Don’t Believe “The Villager’s” Gossip Column

We were amused by this gem in “The Villager’s” gossip column:

Don’t believe the blog hype? A Lower East
Side blog charged that representatives of the Mayor’s Office recently
“ducked out” of a Community Board 3 task force meeting on the
development of the Seward Park Urban Renewal Area’s remaining
development sites. However, David McWater, the task force’s
chairperson, blasted the report as false. “Nobody ducked out of
anything,” McWater scoffed in an e-mail to us. “I had the flu and gave
them the courtesy of knowing it so they wouldn’t show up and have SPURA
not discussed. They all work 9 to 5, and it’s not cool to have them
going to meetings for nothing.”

Hmmmm! Where to begin? Let’s start with the facts. We didn’t charge anyone with anything. Our story (see it here) recounted in some detail exactly what we witnessed first-hand at last month’s community board meeting. To summarize, CB3 Chair Dominic Pisciotta announced that the Economic Development Corporation (not the mayor’s office, BTW) had canceled its planned presentation. While he also said it would not be appropriate to discuss SPURA without committee chair McWater, he certainly did not indicate that anyone at the community board had played a role in the EDC’s cancellation.

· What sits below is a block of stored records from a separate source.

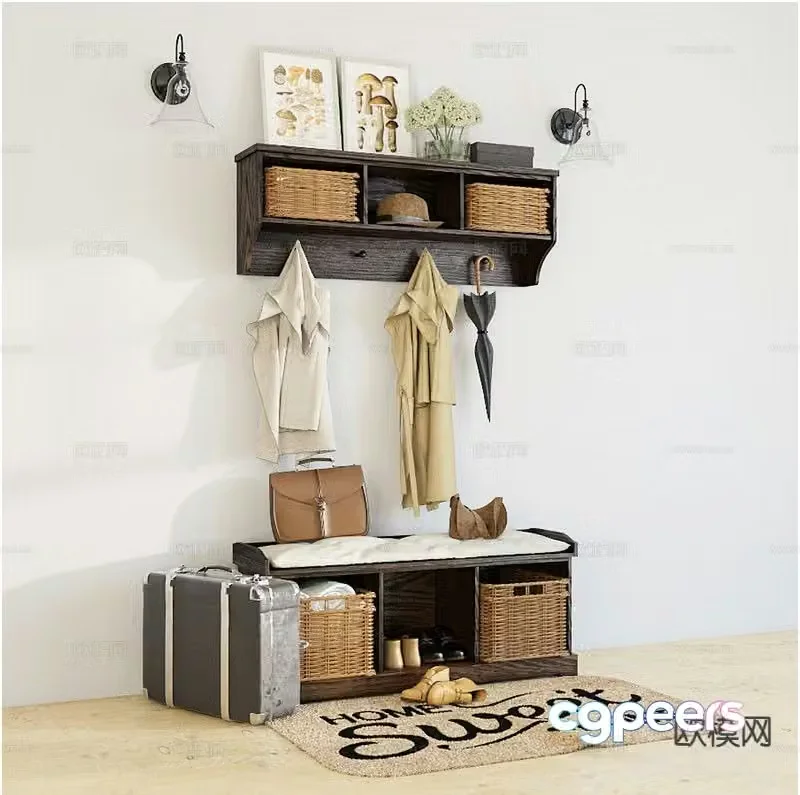 Entrance shoe cabinet aisle clothes rack 3D model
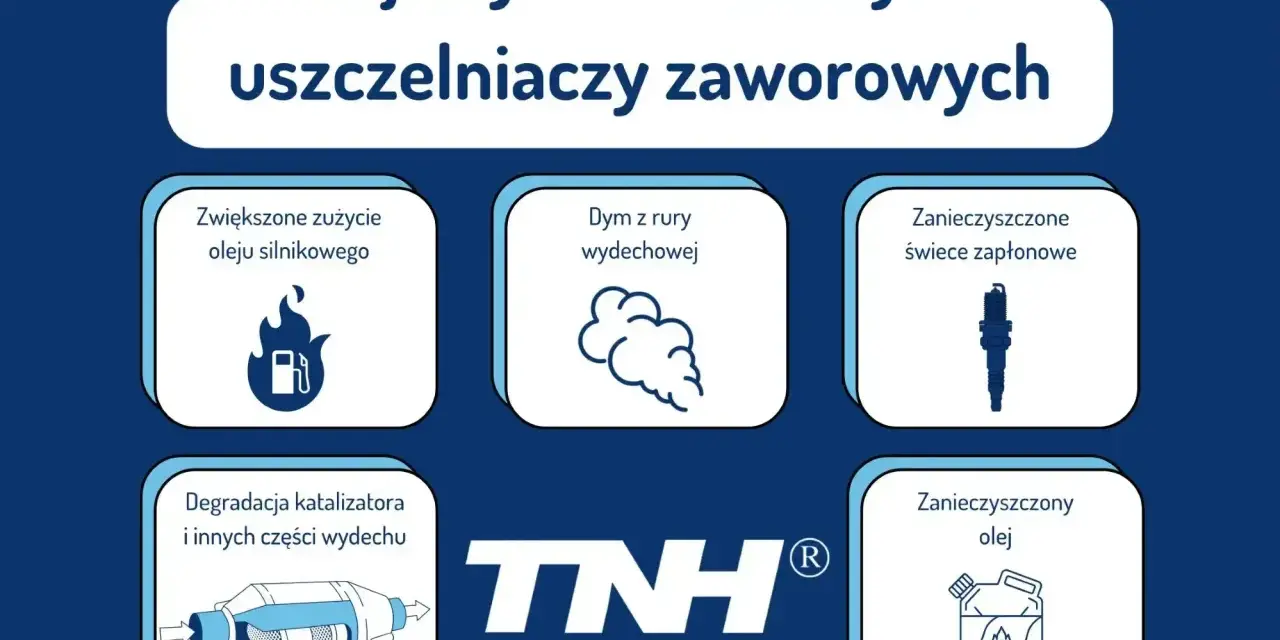 Objawy uszkodzonych uszczelniaczy zaworowych: dym z wydechu, zwiększone zużycie oleju, zanieczyszczone świece i katalizator.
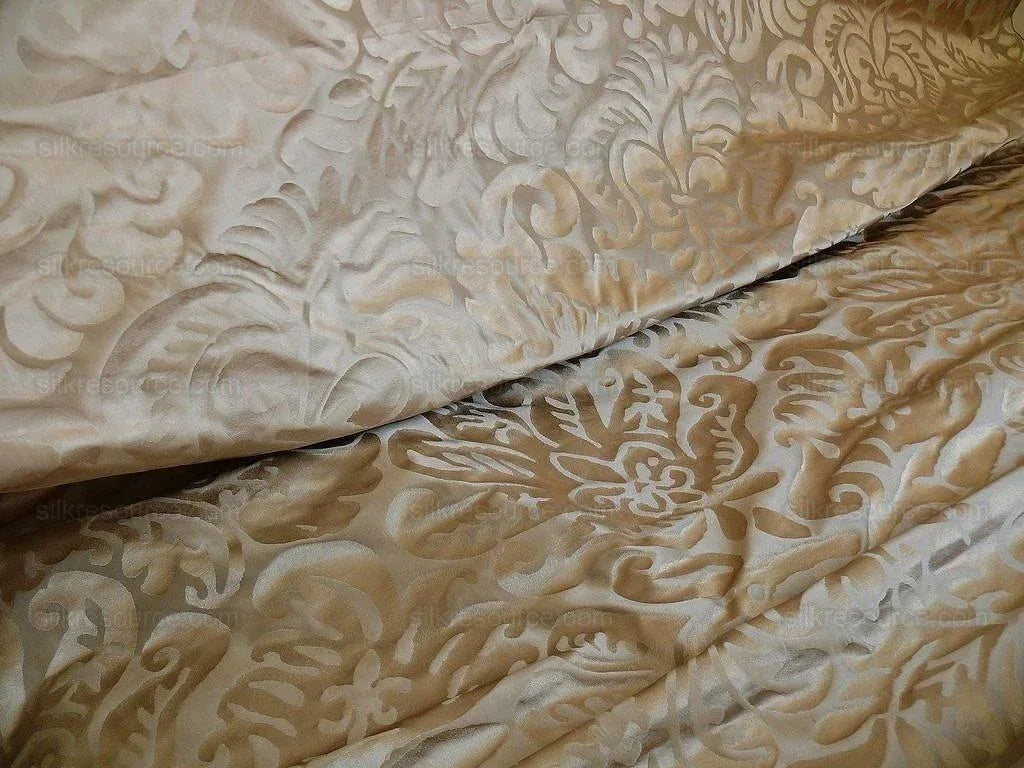 by yard Abstract "papercut"silk Swirl-cloud Grey Silver Granito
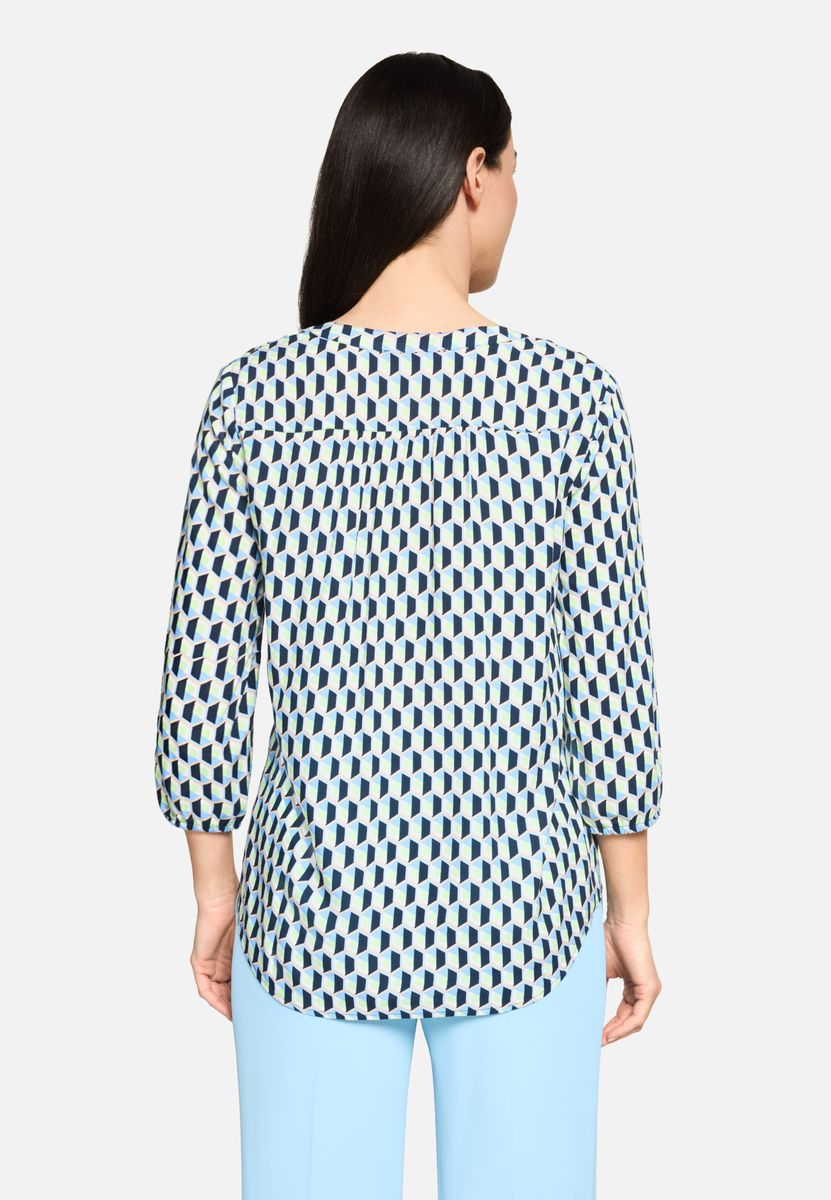 Geometrisch gemusterte 3/4-Arm Bluse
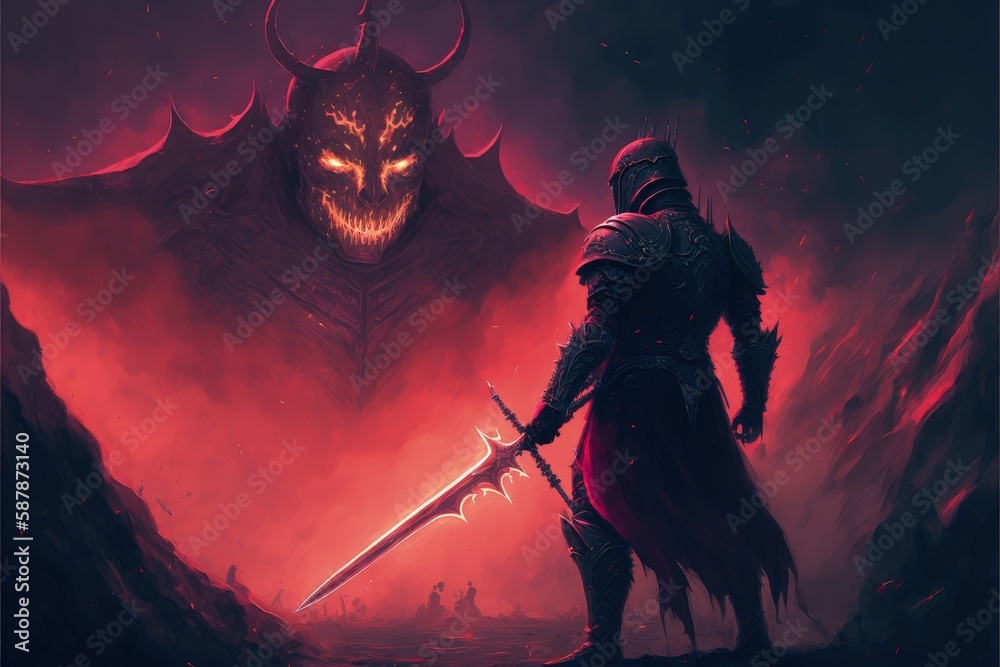 Fototapeta premium A fighter wielding a sword faces off against a flaming monster in the fiery depths of Hell. Fantasy concept , Illustration painting. Generative AI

In fact, he assured a sizable group of residents outraged about the last minute change of plans, that he would discuss the situation with the EDC. “This happens every
once in awhile in a lot of other committees,” he said, “where things have to be pulled off
the agenda at the last minute. I will definitely be trying to talk to them more
about this.” Another community board member, Harvey Epstein, suggested writing a letter
to the EDC saying that it’s “not really appropriate, after we advertise a
public meeting, a day before to say you can’t attend.” So, while McWater may have initiated the cancellation, his colleagues on the board apparently weren’t aware of it.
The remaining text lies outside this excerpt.